Let $K\subset\mathbb R^n$ be a full-dimensional, bounded, convex polytope formed by the intersection of $m$ half-spaces. Is there a nice lower bound for the diameter $D(K) = \sup_{x,y\in K}\|x-y\|_2$ relative to a fixed volume $\text{Vol}(K)$?
Partial attempts
A simple lower bound is obtained via an "isodiametric inequality:" $$ \left( \frac{D(K)}{2} \right)^n \frac{\pi^{n/2}}{\Gamma(n/2+1)} \ge \text{Vol}(K) \implies D(K) \ge \frac{2}{\sqrt{\pi}} [\Gamma(n/2+1) \text{Vol}(K)]^{1/n}. $$ Using $\Gamma(n/2+1)\ge\sqrt{\pi n}(n/(2e))^{n/2}$ we can obtain $$ \frac{D(K)}{\text{Vol}(K)^{1/n}} \ge \frac{2 \sqrt{\pi n}^{1/n} }{\sqrt\pi}\sqrt\frac{n}{2e} \ge \sqrt\frac{2n}{\pi e} = C\sqrt n. $$ This bounds represents the extremal case, $m\to\infty$ but is not very useful for small $m$.

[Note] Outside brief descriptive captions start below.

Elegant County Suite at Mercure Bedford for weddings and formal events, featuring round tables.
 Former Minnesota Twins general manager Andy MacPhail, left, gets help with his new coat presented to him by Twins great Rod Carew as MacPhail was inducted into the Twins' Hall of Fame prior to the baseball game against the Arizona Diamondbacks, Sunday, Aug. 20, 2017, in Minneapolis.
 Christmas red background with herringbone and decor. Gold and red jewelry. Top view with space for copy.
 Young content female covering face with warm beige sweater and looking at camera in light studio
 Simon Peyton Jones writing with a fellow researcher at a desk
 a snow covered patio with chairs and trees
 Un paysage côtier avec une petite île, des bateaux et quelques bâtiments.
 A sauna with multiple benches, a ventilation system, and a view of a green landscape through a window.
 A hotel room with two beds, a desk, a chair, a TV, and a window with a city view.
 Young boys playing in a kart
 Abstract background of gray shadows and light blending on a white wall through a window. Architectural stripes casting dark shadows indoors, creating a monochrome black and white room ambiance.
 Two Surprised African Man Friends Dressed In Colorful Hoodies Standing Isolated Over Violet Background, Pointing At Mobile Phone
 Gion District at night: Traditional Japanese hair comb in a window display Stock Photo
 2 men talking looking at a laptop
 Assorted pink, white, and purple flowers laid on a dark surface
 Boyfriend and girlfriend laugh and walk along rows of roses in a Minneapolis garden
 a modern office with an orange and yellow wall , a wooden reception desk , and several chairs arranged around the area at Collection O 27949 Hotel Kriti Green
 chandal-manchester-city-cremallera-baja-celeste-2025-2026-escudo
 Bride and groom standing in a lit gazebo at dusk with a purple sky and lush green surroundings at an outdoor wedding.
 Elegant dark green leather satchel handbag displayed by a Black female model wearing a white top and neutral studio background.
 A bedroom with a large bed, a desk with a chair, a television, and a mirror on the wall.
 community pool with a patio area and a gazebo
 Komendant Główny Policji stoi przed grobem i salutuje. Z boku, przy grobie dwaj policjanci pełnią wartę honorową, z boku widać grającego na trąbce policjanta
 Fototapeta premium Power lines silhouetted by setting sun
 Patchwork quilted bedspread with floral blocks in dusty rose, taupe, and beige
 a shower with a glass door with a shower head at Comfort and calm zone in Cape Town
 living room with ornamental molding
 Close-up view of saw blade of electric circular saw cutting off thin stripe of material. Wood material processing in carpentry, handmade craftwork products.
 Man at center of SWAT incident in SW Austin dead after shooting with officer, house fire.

Now consider $K_s$ to be a regular $n$-simplex with $m=n+1$ and side-length $D(K_s^n)$. Then using the simplex volume formula and $n!\ge \sqrt{2\pi n}(n/e)^n$, $$ \frac{D(K_s^n)}{\text{Vol}(K_s^n)^{1/n}} = \sqrt{2}\left(\frac{n!}{\sqrt{n+1}}\right)^{1/n} \ge \left(\sqrt\frac{2\pi n}{n+1}\right)^{1/n}\frac{n}{e} \ge \frac{n}{e} = C'n. $$ Question 1: Does this bound hold for all $K$ with $m=n+1$ (is the simplex extremal here)?
Question 2: Is there a similar result for intermediate $m$ with ratios somewhere between $\sqrt n$ and $n$?